As the river has overflowed, there is a risk that agricultural activities and livelihoods may be impacted in Far North, where over 70% of the population living in this area are farmers. The effects on agriculture may further exacerbate food insecurity in the region. Communities living along the Logone river are reluctant to be relocated to safer areas.
The Far North region ranks last in terms of education. People living in rural areas, the poor and women are the most disadvantaged with regards to literacy rate of people aged fifteen and above.
Flooding has restricted access to several villages, canoes are being used to reach certain areas in the department, as many roads have been reported impassable as they have washed away.
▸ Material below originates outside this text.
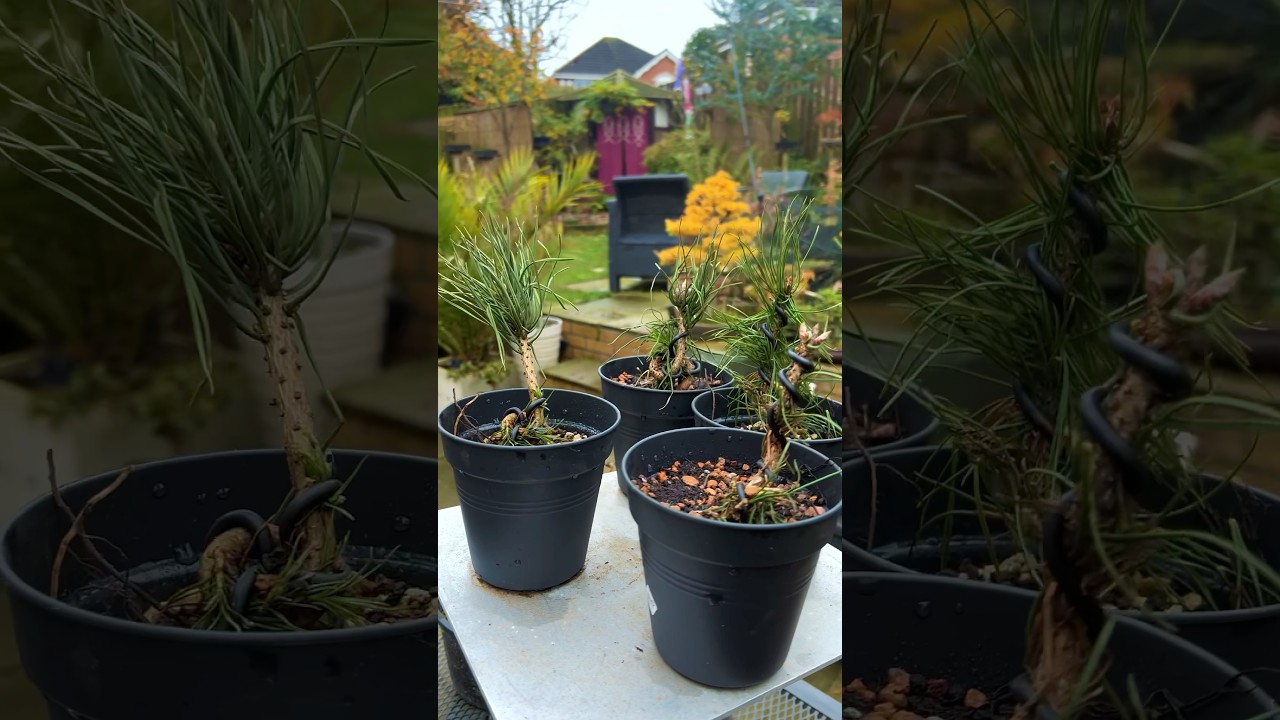 Scot’s Pine Saplings Become Tiny Bonsai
As the country is experiencing its rainy season, it is highly likely that the heavy rain will continue hence raising further the water level in the rivers of the affected area.
On 8 October 2019, the Senior Divisional Officer for the Logone and Chari Division issued an authorisation of official access to the local teams of Cameroon Red Cross in collaboration with the support of the French Red Cross, to carry out an assessment of the impact of these floods in the Zina and Ngodeni. On 12 October, the provisional statement sent by the Red Cross Committee of Mayo Danay reported serious damages in terms of injuries and material loss, as detailed below:
• 270 families (1,890 people) have been rendered homeless in Maga, including 463 children (under 5), 349 pregnant women and nursing mothers, and 31 people with special needs.
• 3672 affected families (2,569 people) in Kai Kai sub-division have been relocated by the authorities to safer villages such as Kourbouc, Arabay, Djoko, Baria Godjo, Yanga, Kelo, Damaraou et Soukomaye, Sarata 1 and 2.
• Many cases of injures have been recorded of persons found under the ruins. The injured are currently undergoing intensive treatment at the Lahai healthcare centre. However, this healthcare centre is already saturated, thereby posing a threat as regards sanitary conditions.
• All open wells have been engulfed by the floods. Only a few boreholes were spared but their water-table stands at a high inundation risk. Moreover, the external structure of some wells is being eroded due to the flooding.
• Many tangible properties were either trapped beneath the rubble or carried away. Poultry and livestock were lost, and farms were engulfed by the waters. This represents a key loss for the main livelihood source of the inhabitants.